CFP: Beastly Modernisms

September 12-13, 2019
University of Glasgow, Glasgow, Scotland
Abstracts due 31 January 2019

Keynote Speakers:
Kari Weil, Wesleyan University (US)
Derek Ryan, University of Kent (UK)

I still do not think La Somnambule the perfect title – Night Beast would be better except for that debased meaning now put on that nice word beast.’ – Djuna Barnes to Emily Holmes Coleman

‘Once again we are in a knot of species coshaping one another in layers of reciprocating complexity all the way down’ – Donna Haraway

If modernism heralded a moment of socio-political, cultural and aesthetic transformation, it also instigated a refashioning of how we think about, encounter, and live with animals. Beasts abound in modernism. Virginia Woolf’s spaniel, T.S. Eliot’s cats, James Joyce’s earwig, D.H. Lawrence’s snake, Samuel Beckett’s lobster, and Djuna Barnes’s lioness all present prominent examples of where animals and animality are at the forefront of modernist innovation. At stake in such beastly figurations are not just matters of species relations, but questions of human animality and broader ideas of social relations, culture, sex, gender, capitalism, and religion. Modernism’s interest in the figure of the animal speaks to the immense changes in animal life in the early twentieth century, a period where the reverberations of Darwinian theory were being felt in the new life sciences, as well as emergent social theories that employed discourses of species, and developing technologies and markets that radically alerted everyday human-animal relations. It was also a period in which new theories of human responsibilities towards animals were also being articulated with Donald Watson coining the idea of veganism in 1944.

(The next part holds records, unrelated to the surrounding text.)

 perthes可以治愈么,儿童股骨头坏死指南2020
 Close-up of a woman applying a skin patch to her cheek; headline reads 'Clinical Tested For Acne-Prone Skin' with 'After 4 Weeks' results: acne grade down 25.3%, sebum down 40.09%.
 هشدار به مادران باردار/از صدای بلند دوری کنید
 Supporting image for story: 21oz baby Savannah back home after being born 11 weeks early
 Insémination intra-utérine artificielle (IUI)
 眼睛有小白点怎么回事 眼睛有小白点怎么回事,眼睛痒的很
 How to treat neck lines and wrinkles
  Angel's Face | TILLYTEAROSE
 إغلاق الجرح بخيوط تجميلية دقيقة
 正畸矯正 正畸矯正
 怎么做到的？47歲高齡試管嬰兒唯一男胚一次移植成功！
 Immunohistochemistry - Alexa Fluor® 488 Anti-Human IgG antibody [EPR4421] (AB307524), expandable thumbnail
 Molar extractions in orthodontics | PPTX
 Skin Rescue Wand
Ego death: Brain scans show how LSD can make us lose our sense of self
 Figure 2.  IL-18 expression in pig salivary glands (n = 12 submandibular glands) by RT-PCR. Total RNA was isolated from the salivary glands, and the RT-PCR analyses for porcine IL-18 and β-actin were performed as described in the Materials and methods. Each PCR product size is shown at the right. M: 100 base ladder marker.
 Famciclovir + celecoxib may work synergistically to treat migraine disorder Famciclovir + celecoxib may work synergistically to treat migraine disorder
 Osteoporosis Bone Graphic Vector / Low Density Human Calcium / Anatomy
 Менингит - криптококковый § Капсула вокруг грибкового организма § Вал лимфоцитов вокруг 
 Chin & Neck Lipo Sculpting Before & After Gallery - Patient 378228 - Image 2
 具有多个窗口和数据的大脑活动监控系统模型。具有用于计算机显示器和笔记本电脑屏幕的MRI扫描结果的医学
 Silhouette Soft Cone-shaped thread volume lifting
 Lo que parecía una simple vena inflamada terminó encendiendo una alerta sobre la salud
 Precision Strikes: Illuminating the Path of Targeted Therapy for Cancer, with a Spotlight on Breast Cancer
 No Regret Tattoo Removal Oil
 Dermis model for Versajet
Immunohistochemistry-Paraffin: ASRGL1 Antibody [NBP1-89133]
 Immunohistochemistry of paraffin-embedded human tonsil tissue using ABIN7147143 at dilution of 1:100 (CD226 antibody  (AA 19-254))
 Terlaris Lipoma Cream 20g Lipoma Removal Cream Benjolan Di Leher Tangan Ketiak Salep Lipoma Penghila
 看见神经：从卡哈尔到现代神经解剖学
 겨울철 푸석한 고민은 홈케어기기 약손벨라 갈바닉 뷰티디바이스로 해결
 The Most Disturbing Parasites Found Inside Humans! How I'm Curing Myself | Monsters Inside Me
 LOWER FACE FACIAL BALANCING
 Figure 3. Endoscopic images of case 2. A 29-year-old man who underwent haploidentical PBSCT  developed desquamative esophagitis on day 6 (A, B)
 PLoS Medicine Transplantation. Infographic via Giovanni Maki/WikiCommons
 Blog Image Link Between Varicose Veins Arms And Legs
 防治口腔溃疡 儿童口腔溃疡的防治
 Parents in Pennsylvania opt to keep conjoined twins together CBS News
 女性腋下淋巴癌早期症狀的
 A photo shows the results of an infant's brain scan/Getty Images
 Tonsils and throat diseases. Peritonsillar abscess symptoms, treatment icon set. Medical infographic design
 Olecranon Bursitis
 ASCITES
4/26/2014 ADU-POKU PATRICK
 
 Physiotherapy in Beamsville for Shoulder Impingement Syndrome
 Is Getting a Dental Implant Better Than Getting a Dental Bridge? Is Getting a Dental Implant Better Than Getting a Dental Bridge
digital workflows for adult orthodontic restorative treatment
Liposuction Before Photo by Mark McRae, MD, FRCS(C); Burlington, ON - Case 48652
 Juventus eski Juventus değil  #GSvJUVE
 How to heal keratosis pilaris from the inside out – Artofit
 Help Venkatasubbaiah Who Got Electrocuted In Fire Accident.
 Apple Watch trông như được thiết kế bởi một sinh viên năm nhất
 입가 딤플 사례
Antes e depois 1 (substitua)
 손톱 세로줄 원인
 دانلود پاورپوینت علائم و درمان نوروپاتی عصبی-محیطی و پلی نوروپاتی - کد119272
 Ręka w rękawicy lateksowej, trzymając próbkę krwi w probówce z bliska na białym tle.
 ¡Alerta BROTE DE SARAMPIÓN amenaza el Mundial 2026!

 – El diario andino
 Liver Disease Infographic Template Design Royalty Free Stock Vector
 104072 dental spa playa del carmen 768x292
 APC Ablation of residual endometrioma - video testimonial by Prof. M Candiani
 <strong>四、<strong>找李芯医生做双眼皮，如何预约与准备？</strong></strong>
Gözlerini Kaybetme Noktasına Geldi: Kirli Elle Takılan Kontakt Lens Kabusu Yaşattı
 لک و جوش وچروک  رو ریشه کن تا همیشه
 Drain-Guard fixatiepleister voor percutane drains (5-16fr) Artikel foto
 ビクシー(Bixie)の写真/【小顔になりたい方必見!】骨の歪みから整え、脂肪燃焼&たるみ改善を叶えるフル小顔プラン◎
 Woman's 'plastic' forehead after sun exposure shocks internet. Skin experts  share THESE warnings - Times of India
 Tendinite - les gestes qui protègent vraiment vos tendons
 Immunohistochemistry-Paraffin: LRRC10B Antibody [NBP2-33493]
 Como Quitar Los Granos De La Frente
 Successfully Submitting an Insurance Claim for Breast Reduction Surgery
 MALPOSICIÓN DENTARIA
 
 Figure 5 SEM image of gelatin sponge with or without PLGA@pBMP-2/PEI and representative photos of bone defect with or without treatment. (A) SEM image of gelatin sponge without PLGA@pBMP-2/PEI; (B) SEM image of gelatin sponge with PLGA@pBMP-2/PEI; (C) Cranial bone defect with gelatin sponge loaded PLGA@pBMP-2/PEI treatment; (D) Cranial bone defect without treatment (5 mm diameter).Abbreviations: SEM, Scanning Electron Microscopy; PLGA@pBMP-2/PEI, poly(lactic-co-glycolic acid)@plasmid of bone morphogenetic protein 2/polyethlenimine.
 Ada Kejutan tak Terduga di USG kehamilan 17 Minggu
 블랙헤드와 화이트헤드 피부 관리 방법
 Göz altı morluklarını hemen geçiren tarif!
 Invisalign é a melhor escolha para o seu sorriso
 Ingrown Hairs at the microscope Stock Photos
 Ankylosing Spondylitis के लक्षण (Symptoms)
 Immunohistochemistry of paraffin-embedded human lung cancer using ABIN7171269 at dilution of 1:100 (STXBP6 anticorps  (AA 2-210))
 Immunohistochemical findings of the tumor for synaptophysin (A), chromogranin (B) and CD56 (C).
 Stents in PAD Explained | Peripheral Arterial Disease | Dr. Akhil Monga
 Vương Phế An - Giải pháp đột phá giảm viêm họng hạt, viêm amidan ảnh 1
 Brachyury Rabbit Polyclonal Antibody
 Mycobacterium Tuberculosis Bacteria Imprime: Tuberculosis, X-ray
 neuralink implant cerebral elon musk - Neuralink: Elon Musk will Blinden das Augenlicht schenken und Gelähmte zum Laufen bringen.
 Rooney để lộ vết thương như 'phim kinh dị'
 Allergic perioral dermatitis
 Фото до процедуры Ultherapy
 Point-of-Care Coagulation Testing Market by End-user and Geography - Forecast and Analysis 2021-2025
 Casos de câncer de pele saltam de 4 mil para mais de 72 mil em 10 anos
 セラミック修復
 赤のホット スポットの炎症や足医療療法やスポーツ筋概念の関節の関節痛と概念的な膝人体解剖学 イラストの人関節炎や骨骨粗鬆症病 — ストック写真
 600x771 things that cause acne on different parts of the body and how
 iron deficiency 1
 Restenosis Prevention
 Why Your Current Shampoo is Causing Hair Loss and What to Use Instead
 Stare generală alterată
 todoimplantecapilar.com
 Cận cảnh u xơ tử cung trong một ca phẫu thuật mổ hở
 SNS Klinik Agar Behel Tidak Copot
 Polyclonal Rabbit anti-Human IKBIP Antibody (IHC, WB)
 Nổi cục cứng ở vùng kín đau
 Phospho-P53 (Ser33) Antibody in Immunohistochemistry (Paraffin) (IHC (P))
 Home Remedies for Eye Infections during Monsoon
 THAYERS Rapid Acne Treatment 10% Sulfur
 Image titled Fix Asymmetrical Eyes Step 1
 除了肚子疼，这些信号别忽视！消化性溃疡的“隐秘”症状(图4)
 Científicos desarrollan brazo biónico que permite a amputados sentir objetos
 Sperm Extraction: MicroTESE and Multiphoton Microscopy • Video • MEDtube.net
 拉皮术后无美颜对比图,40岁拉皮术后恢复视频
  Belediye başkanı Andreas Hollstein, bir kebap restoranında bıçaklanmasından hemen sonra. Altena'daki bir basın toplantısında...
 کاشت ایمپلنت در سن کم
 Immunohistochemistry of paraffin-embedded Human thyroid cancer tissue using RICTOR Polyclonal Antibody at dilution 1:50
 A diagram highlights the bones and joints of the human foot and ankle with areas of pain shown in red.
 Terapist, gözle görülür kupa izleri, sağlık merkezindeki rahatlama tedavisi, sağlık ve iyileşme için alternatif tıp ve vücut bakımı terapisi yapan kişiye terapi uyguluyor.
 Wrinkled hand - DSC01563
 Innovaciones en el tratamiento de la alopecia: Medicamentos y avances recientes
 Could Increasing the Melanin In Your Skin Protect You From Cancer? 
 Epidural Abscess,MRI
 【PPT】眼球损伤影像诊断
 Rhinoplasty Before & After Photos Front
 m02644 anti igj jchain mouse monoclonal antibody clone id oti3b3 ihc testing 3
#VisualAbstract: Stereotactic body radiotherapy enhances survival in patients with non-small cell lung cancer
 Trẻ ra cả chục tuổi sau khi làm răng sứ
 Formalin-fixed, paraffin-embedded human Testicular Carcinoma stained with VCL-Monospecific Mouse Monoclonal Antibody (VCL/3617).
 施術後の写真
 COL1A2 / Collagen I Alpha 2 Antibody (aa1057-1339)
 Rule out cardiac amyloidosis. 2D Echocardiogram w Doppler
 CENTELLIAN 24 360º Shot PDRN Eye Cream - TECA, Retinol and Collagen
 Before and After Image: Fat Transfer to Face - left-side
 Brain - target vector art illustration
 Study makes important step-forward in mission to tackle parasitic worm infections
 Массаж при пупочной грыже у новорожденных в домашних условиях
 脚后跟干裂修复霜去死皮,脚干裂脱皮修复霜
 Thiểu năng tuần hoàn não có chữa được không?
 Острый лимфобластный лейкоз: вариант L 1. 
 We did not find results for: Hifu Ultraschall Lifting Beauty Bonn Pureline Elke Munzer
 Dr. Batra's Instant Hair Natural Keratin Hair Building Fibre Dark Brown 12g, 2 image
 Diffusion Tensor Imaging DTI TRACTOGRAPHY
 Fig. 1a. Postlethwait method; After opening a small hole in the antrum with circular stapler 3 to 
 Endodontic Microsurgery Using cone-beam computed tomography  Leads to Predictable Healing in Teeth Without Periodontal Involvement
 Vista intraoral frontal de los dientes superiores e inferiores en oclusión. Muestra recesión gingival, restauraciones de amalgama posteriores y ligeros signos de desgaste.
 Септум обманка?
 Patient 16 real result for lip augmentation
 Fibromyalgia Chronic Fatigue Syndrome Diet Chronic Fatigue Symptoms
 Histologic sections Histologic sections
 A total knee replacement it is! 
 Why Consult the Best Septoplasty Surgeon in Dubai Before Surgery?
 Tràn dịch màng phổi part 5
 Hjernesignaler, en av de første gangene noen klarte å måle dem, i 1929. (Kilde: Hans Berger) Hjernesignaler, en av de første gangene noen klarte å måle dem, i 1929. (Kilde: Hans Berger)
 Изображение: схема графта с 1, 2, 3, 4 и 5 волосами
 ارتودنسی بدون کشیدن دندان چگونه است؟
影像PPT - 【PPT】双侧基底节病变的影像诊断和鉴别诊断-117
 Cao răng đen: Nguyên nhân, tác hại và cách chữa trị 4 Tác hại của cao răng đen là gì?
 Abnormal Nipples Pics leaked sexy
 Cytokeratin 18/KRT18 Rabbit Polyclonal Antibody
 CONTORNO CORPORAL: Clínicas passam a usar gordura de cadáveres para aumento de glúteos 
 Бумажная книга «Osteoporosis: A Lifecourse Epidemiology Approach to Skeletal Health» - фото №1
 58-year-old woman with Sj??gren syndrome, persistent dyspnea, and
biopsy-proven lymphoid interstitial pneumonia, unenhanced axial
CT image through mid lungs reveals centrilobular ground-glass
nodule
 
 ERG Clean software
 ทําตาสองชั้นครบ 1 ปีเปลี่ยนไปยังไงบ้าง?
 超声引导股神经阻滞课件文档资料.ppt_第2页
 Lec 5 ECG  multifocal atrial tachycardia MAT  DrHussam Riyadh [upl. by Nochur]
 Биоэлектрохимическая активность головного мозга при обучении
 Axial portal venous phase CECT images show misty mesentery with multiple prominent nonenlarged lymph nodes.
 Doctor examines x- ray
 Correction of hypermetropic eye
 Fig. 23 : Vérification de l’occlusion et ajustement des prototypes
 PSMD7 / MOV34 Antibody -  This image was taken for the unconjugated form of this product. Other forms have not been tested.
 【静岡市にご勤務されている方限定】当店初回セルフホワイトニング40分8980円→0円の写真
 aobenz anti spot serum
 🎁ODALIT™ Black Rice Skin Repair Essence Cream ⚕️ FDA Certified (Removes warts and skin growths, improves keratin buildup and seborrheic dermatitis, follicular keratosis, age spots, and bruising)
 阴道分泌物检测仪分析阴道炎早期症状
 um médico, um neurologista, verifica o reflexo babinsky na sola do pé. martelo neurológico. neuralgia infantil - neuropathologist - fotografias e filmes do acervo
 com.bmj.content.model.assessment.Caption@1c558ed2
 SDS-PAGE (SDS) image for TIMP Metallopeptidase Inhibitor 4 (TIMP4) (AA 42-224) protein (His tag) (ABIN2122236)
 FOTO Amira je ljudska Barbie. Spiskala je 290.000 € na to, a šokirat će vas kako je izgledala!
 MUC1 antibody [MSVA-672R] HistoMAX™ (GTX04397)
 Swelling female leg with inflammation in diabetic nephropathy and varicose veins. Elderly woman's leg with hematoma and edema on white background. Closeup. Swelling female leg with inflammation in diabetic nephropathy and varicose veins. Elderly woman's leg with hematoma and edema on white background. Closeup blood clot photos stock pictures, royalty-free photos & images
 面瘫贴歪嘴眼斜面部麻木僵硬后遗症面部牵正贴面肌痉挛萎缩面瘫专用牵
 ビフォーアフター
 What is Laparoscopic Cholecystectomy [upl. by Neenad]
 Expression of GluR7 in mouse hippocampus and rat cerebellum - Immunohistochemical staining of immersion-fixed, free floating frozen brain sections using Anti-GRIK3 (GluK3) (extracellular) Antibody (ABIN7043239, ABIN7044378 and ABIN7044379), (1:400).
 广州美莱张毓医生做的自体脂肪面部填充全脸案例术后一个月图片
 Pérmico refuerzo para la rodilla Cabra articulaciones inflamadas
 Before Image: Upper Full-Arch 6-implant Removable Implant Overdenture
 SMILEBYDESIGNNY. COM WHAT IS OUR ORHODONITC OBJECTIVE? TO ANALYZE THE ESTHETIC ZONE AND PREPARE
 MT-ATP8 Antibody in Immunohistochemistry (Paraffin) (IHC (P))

The recent “animal turn” in the humanities invites new ways of thinking about the beasts that we find in modernist culture. Moreover, animal studies arrives at a point at which modernist studies is already in the process of redefining what modernism means. Turning to modernism’s beasts not only promises fresh ways of understanding its multispecies foundations, but also points towards how modernist studies might intervene in contemporary debates around animal life. Building on the foundational work on animals and modernism by Carrie Rohman, Margot Norris, Kari Weil, Derek Ryan and others, Beastly Modernisms invites papers on animals and all aspects of modernist culture. Topics may include, but are not limited to:

•    Animal Life, Species and Speciesism
•    Beasts, Beastliness and Bestiality
•    The Creaturely
•    Unstable Signifiers
•    Animal Rights, Ethics and Politics
•    Anti-Vivisection Movements
•    Bestial Ontologies and Materialities
•    Queer Animals and Sexuality
•    Anthropocentrism and Anthropomorphism
•    Human Animality and Social Darwinism
•    Animal Commodification and Capitalism
•    Race, Class, Sex and Gender
•    Religion, Myth and Animism
•    Wildlife, Imperialism and Hunting
•    Pets, Companion Species and Domestic Animals
•    Biology, Ethology, Ecology and the Natural Sciences
•    Animal Performance, Circuses and Zoos
•    Animal Trauma, Violence and Warfare
•    Extinction and the Anthropocene
•    Livestock, Agriculture and Working Animals
•    Meat Production and the Animal Industry
•    Vegetarianism, Veganism and Eating Animals
•    Modernist Animal Philosophy
•    Humanism, Posthumanism and Transhumanism
•    Early- and Late- Modernist Animals 

Papers
Individual papers should be no more than twenty minutes in length. Please send an abstract of 300 words and a brief biography to beastlymodernisms@gmail.com by 31 January 2019.  

Panels
We welcome proposals for panels or roundtables of 3 to 4 speakers. Please send an abstract of 500 words and speaker biographies to beastlymodernisms@gmail.com by 31 January 2019

Submissions are open to all researchers at every level of study. We particularly encourage submissions from postgraduate researchers.